This repo contains an end-to-end implementation of an image search engine application. It is a rough simulation of a real world implementation and contains various modules, which are as follows
Images from Flickr are extracted using an API key and the search API provided by the Flickr team. These images along with some additional metadata (also extracted from Flickr) are converted to producer records and pushed to Kafka.
These records are then processed by a spark streaming application (at a 1-min interval) to extract the embeddings of the images. This embedding alongside the metadata are then written into elasticsearch. ElasticSearch provides vector KNN search capabilities, along with pagination and regular text based search.
Kafka allows for decoupling of the image data extraction from Flickr and the spark processing, this allows for handling Flickr APIs' ratelimiting and spark's resource related issues. This allows us to limit our spark cluster to be in a cost-efficient size.

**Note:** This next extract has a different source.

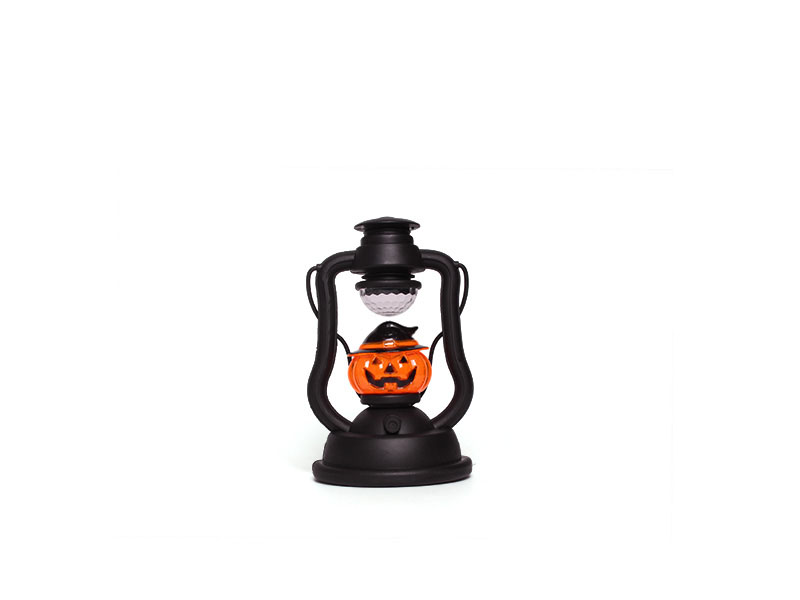 Imagem do produto LAMPIÃO HALLOWEEN TASCHIBRA LED JACK 3XAA . na categoria HALLOWEEN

The CLIP model's artifact files are managed using mlflow, this allows for better versioning of the models and enables model registry capabilities. Allowing for efficient model usage, versioning and management, across the consumer and server applications.
The backend server is a lightweight FastAPI based server, which exposes 2 endpoints to its clients.
- /text_search - takes a text phrase
- /image_search - takes an image url or base64 image string
and returns the top K matching responses stored in elasticsearch. These are then displayed in the KNN score order on the frontend.
Below is an example of the results when searching with phrase playing dogs
.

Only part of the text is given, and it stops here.